**DATA TO USE**:
■ ■ ■
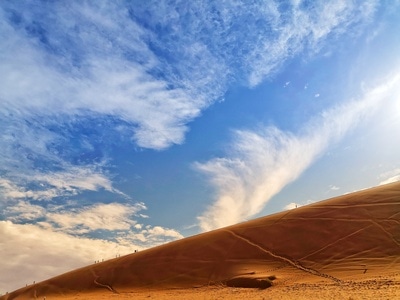 印象纳米比亚红沙漠-旅行-沙漠-风景-纳米比亚红沙漠 图片素材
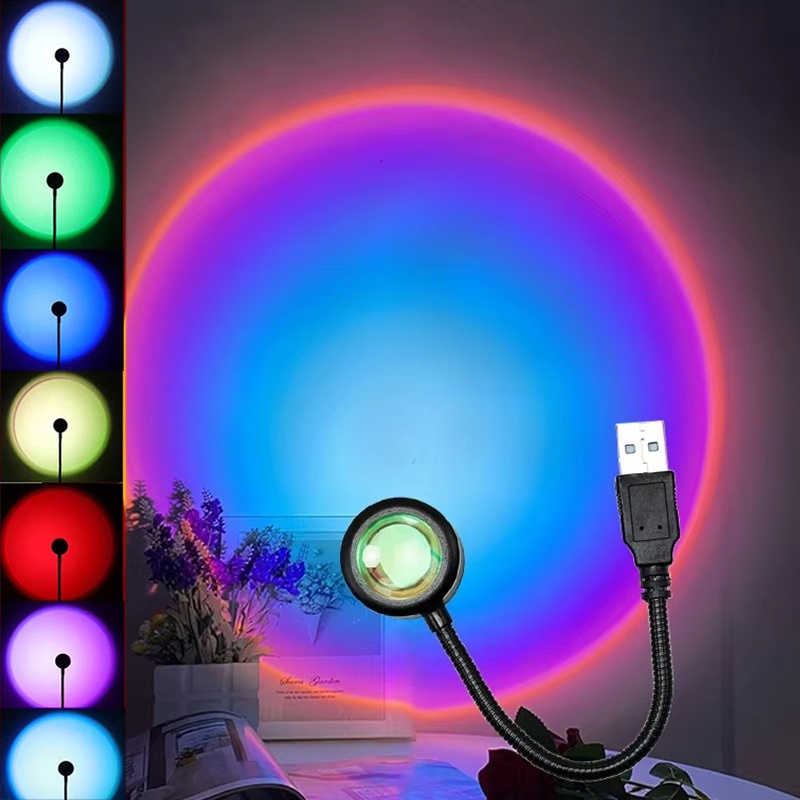 Lighting Decor Photos - Creative Wall Projection Decor USB LED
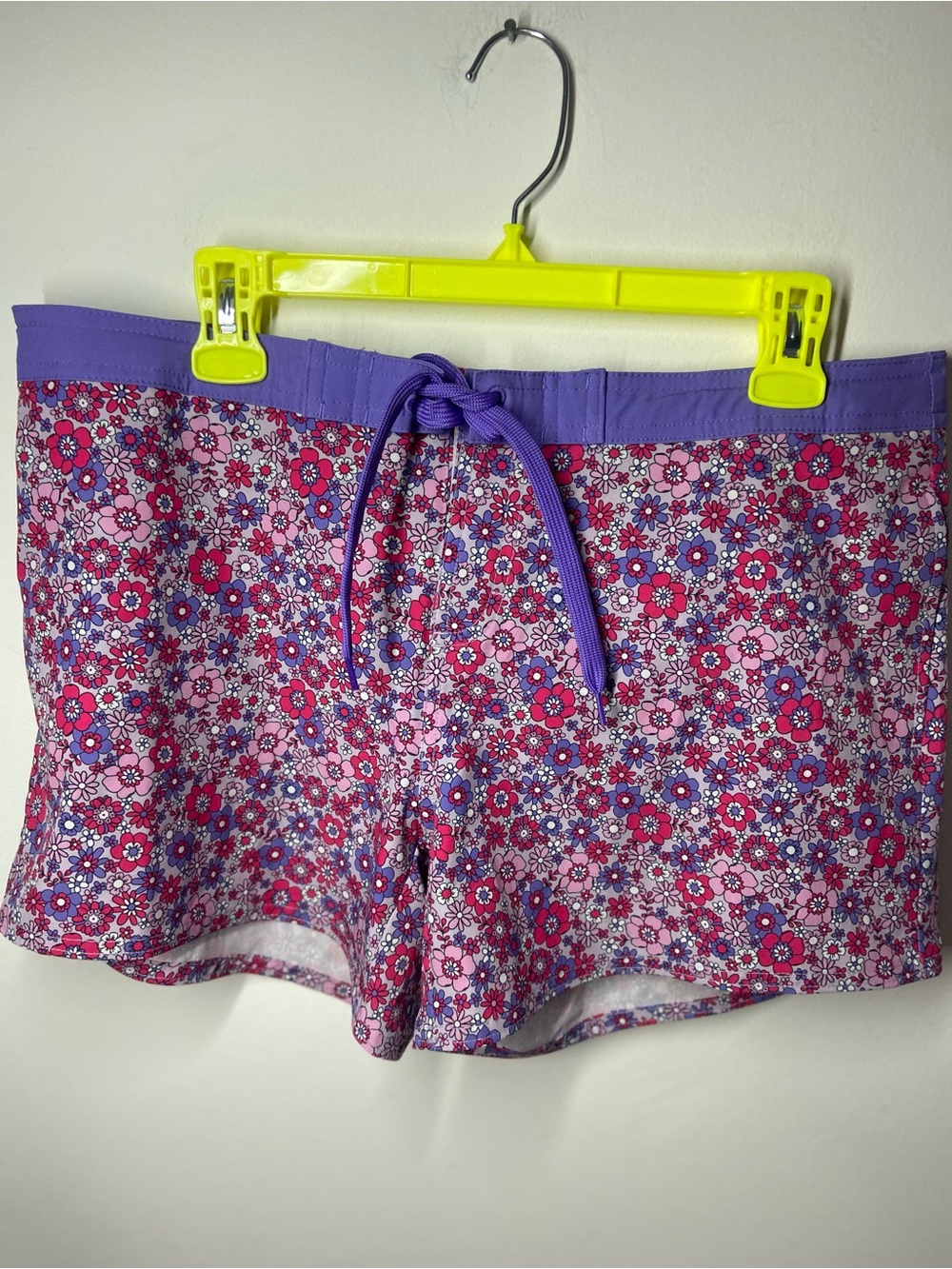 Floral Purple Pink Swim Shorts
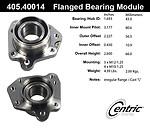 Centric parts 405.40014e rear hub assembly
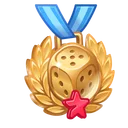 Victory Medal Master Of Luck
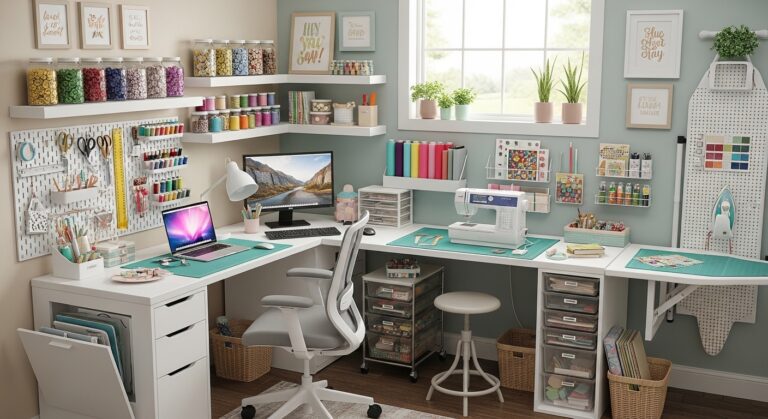Small Home Office Craft Room Combo: Create a Space You’ll Love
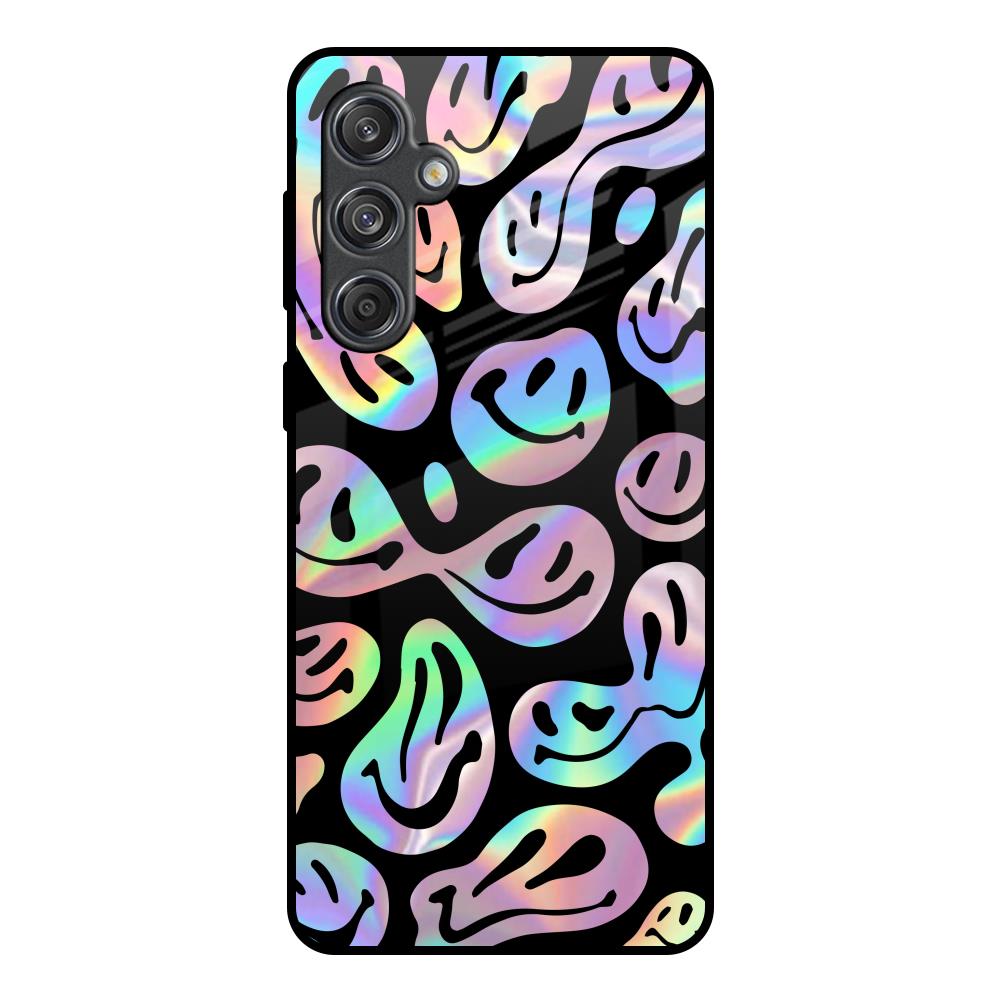 Acid Smile Samsung Galaxy M55 5G Glass Back Cover Online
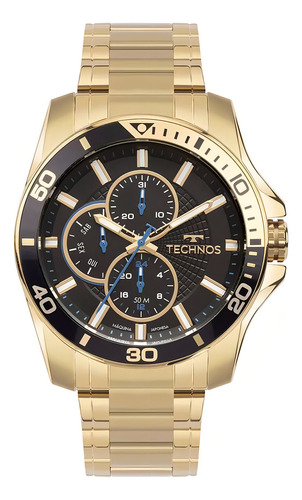 Relógio Technos Masculino Dourado 6p27duv/1p Dourado Dourado Preto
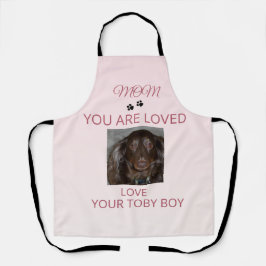 Delantal Pet Mom Loved Photo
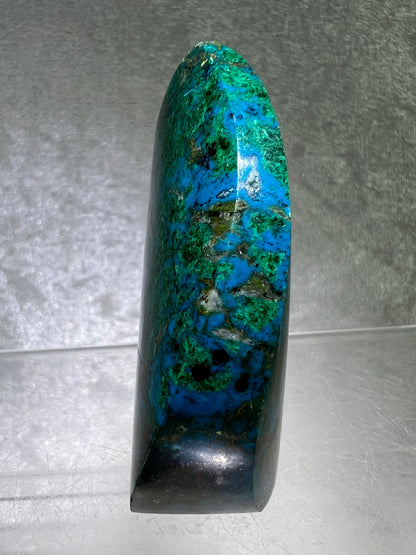 Chrysocolla Flame From Peru. Stunning Chrysocolla And Malachite Display Crystal. High Quality Flame With Gorgeous Colors.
■ ■ ■
**WHAT TO WORK ON**: Restate every entry above word for word; no picture belongs in the copy.

**SOLUTION TO THIS TASK**:
 印象纳米比亚红沙漠-旅行-沙漠-风景-纳米比亚红沙漠 图片素材
 Lighting Decor Photos - Creative Wall Projection Decor USB LED
 Floral Purple Pink Swim Shorts
 Centric parts 405.40014e rear hub assembly
 Victory Medal Master Of Luck
Small Home Office Craft Room Combo: Create a Space You’ll Love
 Acid Smile Samsung Galaxy M55 5G Glass Back Cover Online
 Relógio Technos Masculino Dourado 6p27duv/1p Dourado Dourado Preto
 Delantal Pet Mom Loved Photo
 Chrysocolla Flame From Peru. Stunning Chrysocolla And Malachite Display Crystal. High Quality Flame With Gorgeous Colors.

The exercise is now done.